------ THE DATA

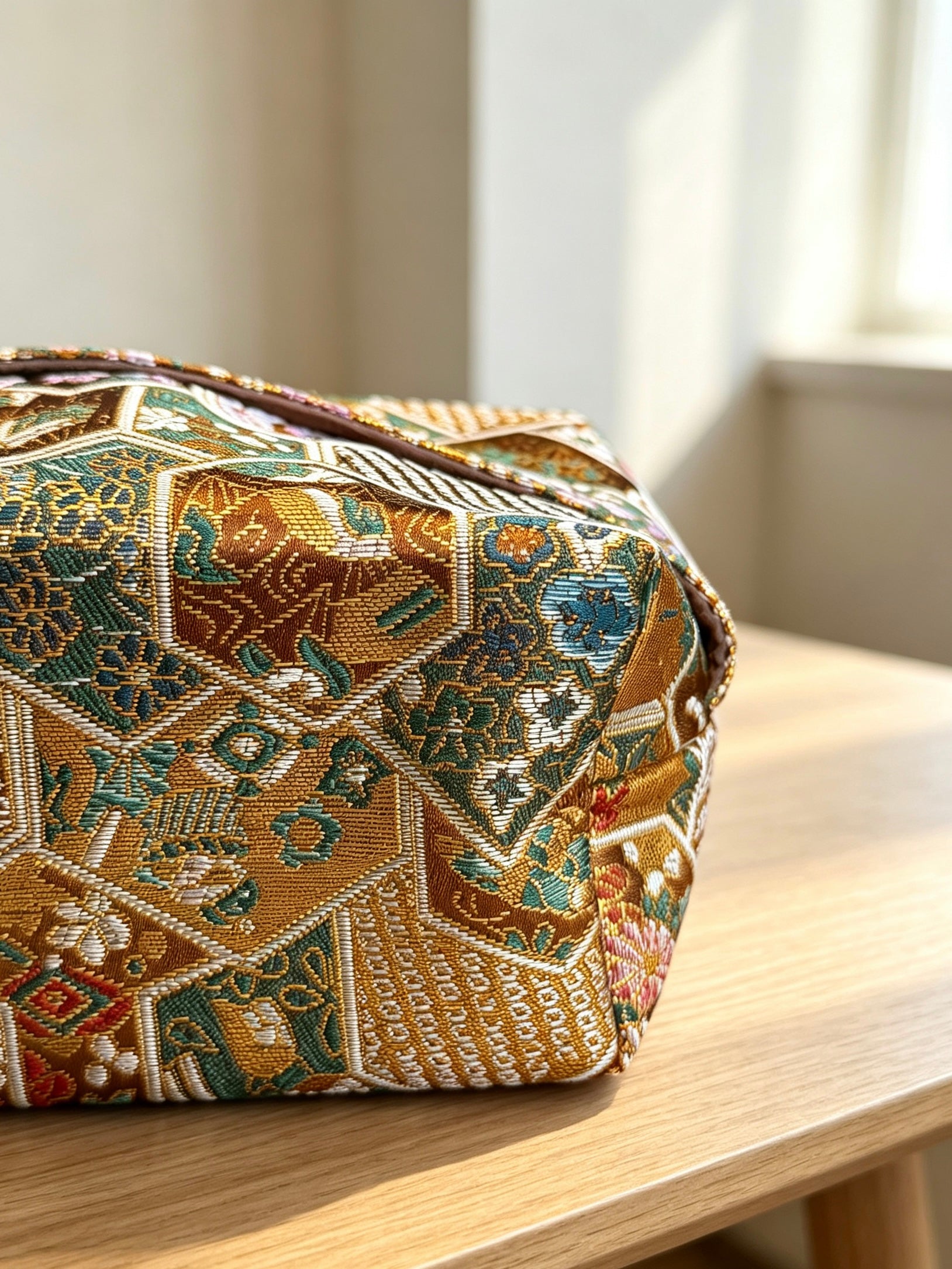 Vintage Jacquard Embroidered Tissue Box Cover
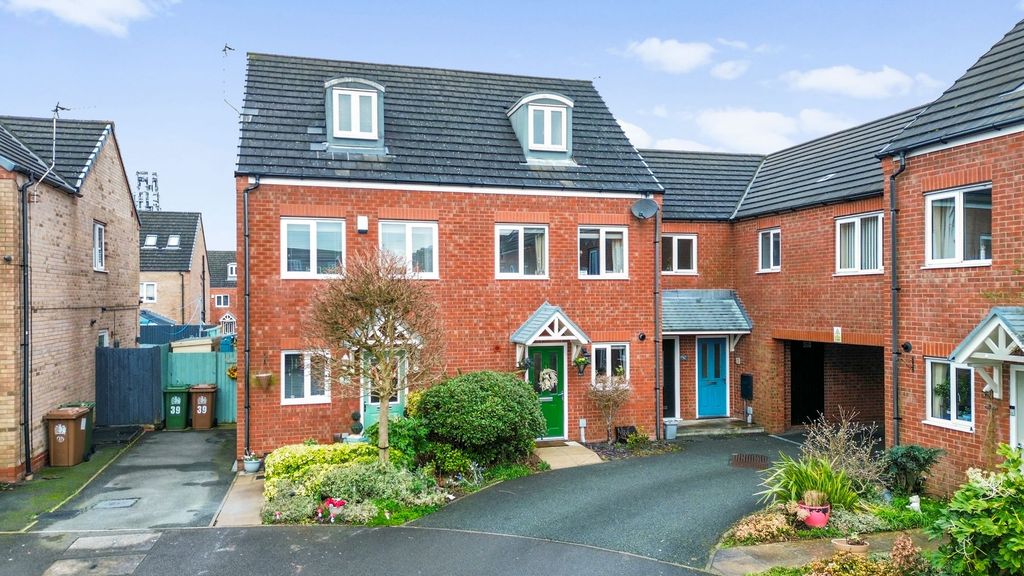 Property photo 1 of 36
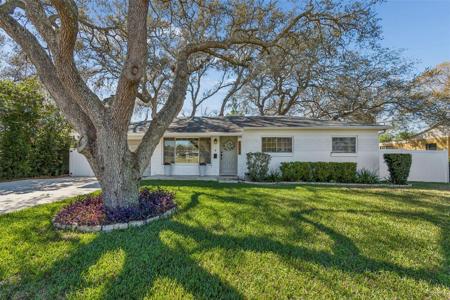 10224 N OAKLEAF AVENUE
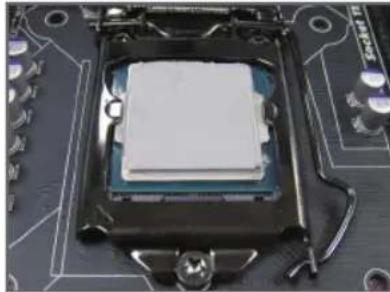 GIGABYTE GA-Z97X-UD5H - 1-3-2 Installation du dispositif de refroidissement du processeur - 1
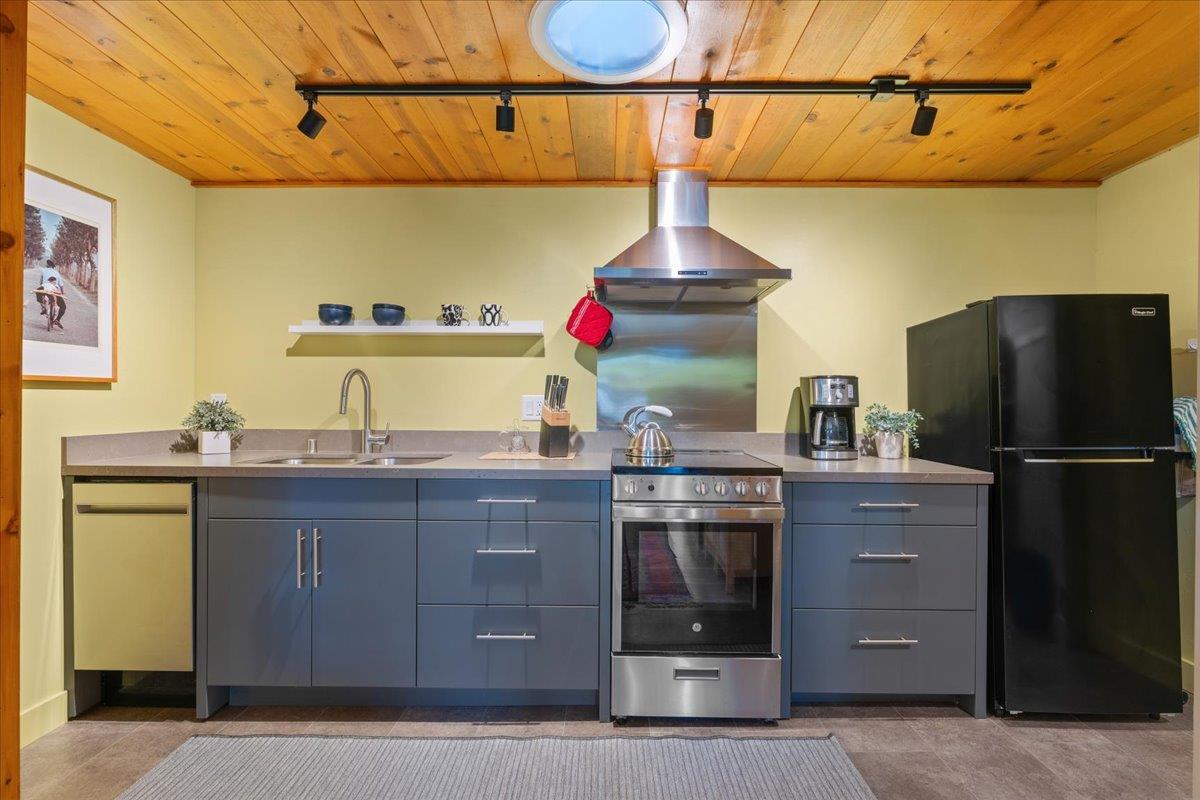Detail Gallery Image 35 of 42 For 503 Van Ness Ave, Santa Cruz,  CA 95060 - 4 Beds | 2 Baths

------------

Once you reach the line containing "10224 N OAKLEAF AVENUE", print it and every line after it exactly, through the end of the entries, without any pictures.

**EXERCISE SOLUTION**
 10224 N OAKLEAF AVENUE
 GIGABYTE GA-Z97X-UD5H - 1-3-2 Installation du dispositif de refroidissement du processeur - 1
Detail Gallery Image 35 of 42 For 503 Van Ness Ave, Santa Cruz,  CA 95060 - 4 Beds | 2 Baths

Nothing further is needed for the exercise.